→ **ABOUT THIS EXERCISE**: Set down exactly the lines below, starting at the one that contains "1.5m Console Table - Messmate" and ending at the one that contains "Nhận định, soi", with both of those lines included and nothing else.

====== TASK MATERIAL

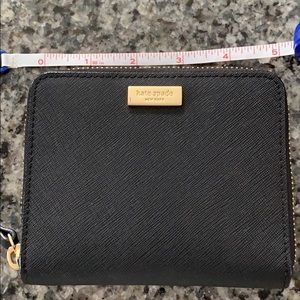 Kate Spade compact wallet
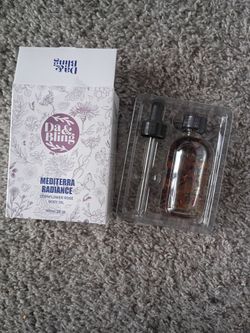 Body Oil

============
====== TASK MATERIAL

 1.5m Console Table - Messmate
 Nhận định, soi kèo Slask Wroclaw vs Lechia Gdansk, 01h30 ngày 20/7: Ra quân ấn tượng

============

→ **ANSWER SPACE**:
 1.5m Console Table - Messmate
 Nhận định, soi kèo Slask Wroclaw vs Lechia Gdansk, 01h30 ngày 20/7: Ra quân ấn tượng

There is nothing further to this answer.